## Problem description
Without pictures, retype the following entries exactly.

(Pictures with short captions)
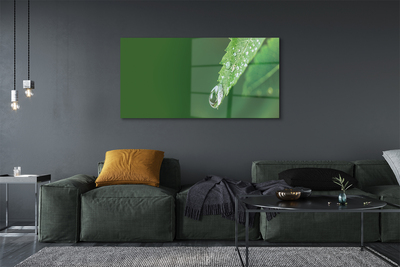 Acrylic print Water drop leaf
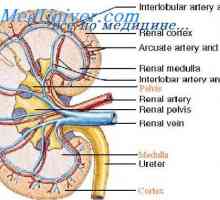 Mišića timpanealna ždrijela cijevi. Perfuziju i inervacija eustachian cijev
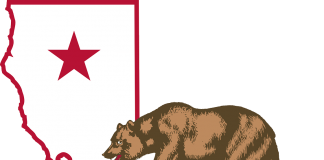 California Map Flag Bear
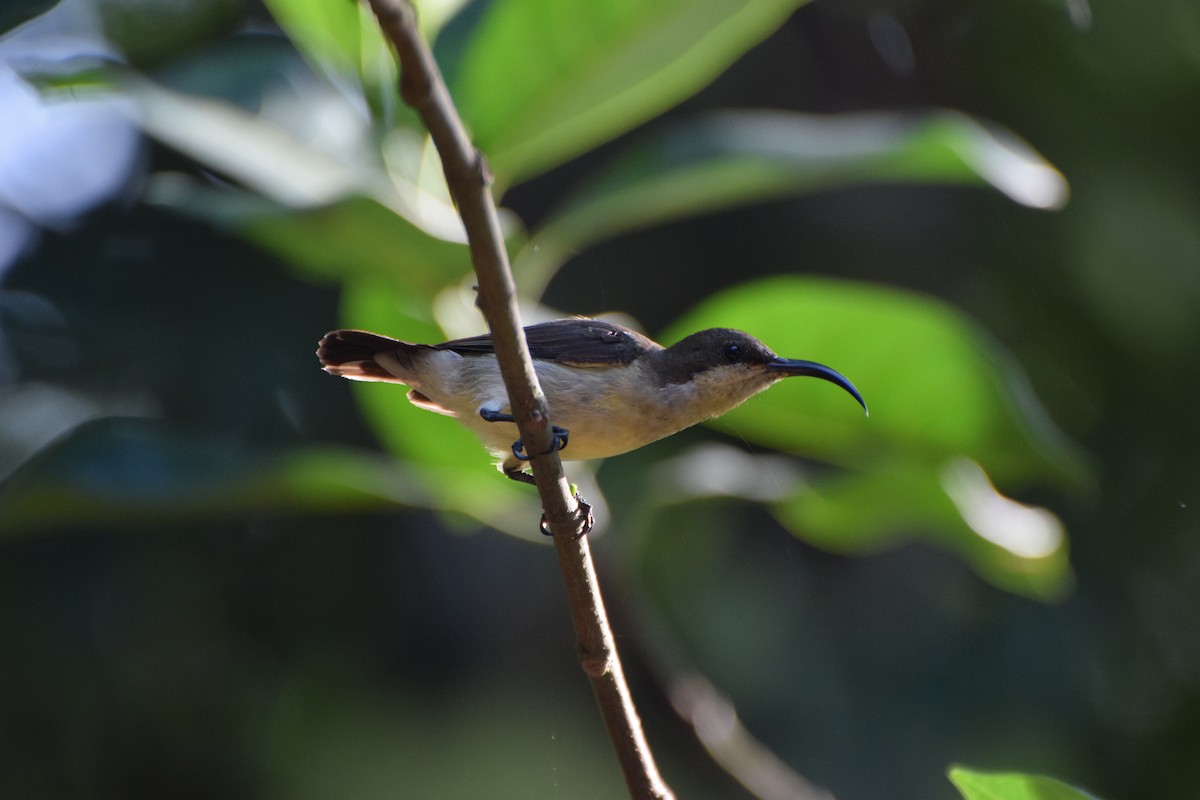 Loten's Sunbird - ML239757211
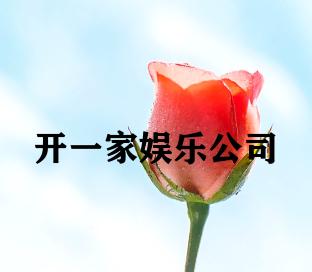 开一家娱乐公司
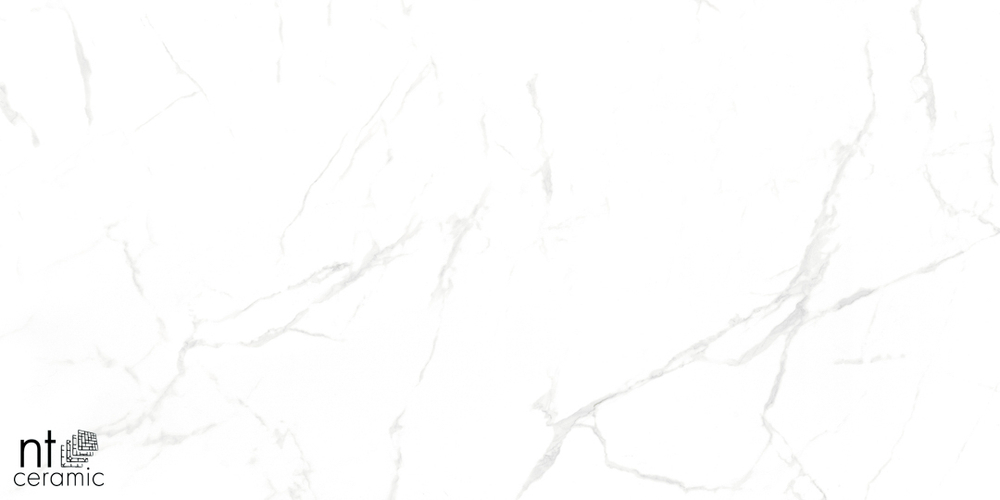 Керамогранит Callacata carving NTT99607M 600*1200мм матовая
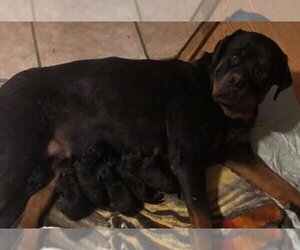 Mother of the Rottweiler puppies born on 07/30/2019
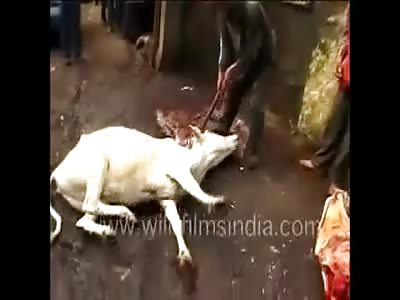 Animal Slaughter in North-East India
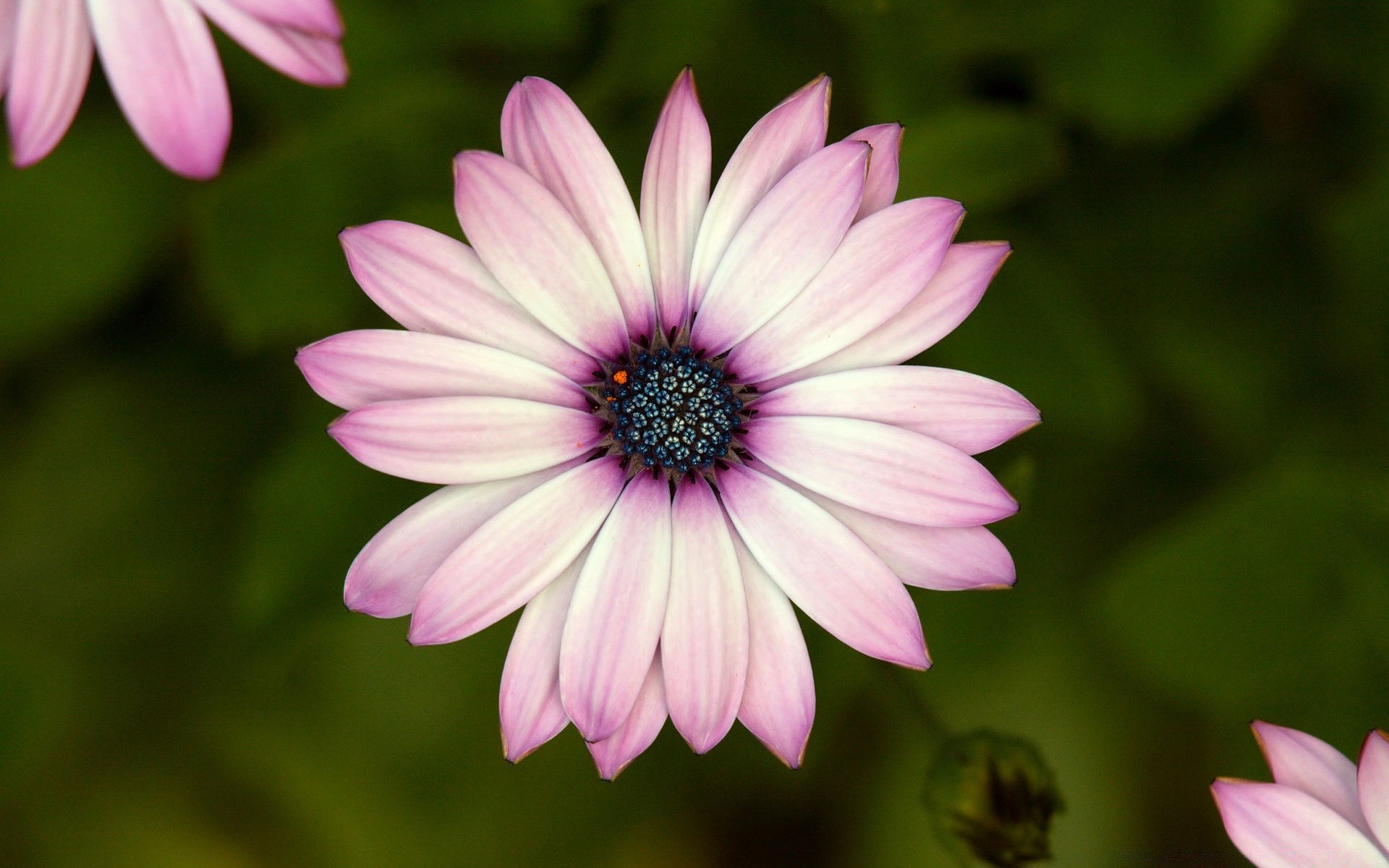 fiori fiore flora natura estate petalo fiore giardino floreale colore bella foglia luminoso delicato primo piano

## Result of the task
 Acrylic print Water drop leaf
 Mišića timpanealna ždrijela cijevi. Perfuziju i inervacija eustachian cijev
 California Map Flag Bear
 Loten's Sunbird - ML239757211
 开一家娱乐公司
 Керамогранит Callacata carving NTT99607M 600*1200мм матовая
 Mother of the Rottweiler puppies born on 07/30/2019
 Animal Slaughter in North-East India
 fiori fiore flora natura estate petalo fiore giardino floreale colore bella foglia luminoso delicato primo piano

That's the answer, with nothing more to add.